Meet the Community Mushroom Educators for BF 151

Introducing the Community Mushroom Educators for BF 151:

Image of Aysha Venjara

Aysha Venjara, a keen observer of nature and longtime gardener, thrives in the small curiosities of the world around us. 

A Hudson Valley native, she began volunteering on local farms and training in regenerative agricultural practices in 2013. It so happened that her biodynamic studies at the Pfeiffer Center in Chestnut Ridge, NY, were just down the street from the Sufi mosque she attended since childhood. The link between these two fundamental aspects of life, faith and farming, became a topic of deep exploration and formed the start of an incredible journey.

In 2016, Aysha became the steward of a beautiful piece of land, 3.5 acres of a former biodynamic dairy farm, and a 1950’s barn, lovingly converted into a home by a designer and musician couple. The Falaha Center for Spiritual Agriculture, whose mission is growing faith, family, and fun through farming, was born out of a calling to both protect and share the gifts of the land and the home—most especially at a time when our connections to the earth, and one another, are under constant assault.

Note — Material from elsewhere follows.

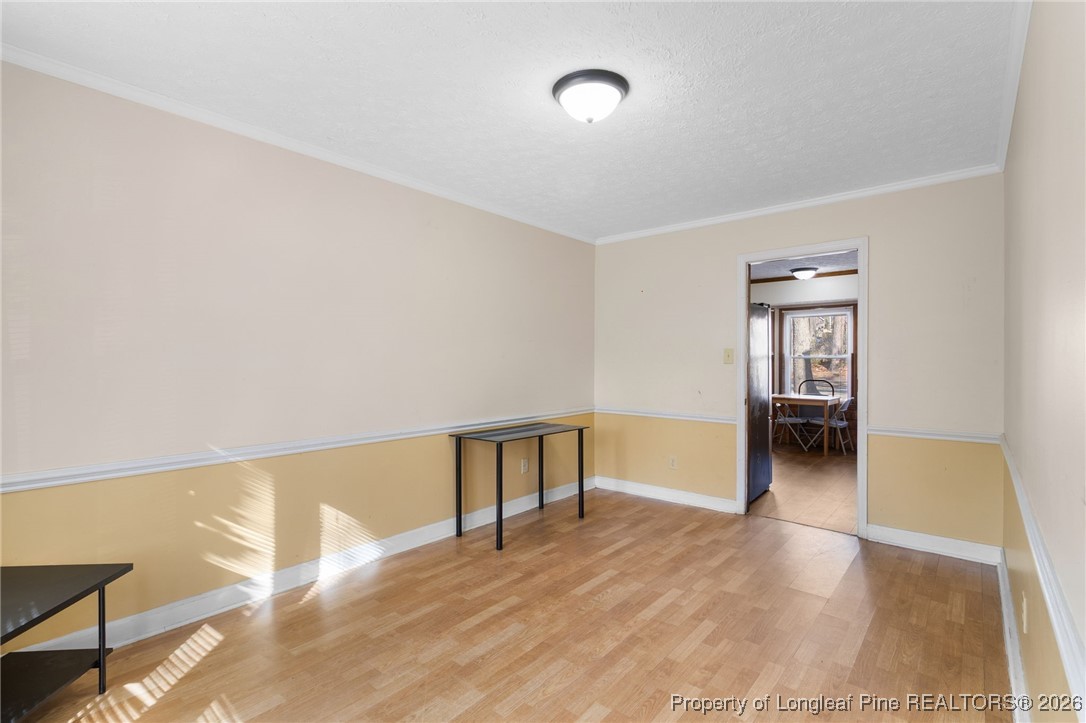 2924 Walden Road Fayetteville, NC 28303 - Photo 6 of 44 a view of an empty room with wooden floor and a window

Through the Falaha Center, Aysha uses small but thriving farm enterprises, namely log-grown shiitake mushrooms, pastured eggs, and educational workshops, to fund a food pantry garden program, on-farm mentorship for youth groups, and woodland conservation activities. 

Aysha is also a columnist for dirt magazine, a local Hudson Valley food and farming publication, and a facilitator for the Cornell Small Farms Program Woodland Mushroom Course.

Cecilia De La Fuente, an anthropologist and Community Mushroom Educator with Cornell Small Farms Program, has specialized in sustainability and urban agriculture having worked on diverse projects related to these topics. Currently, she leads Cosmoplantitas, a project focused on experimenting with accessible methods for cultivation and developing nutritional products to promote mushroom consumption as a more sustainable alternative.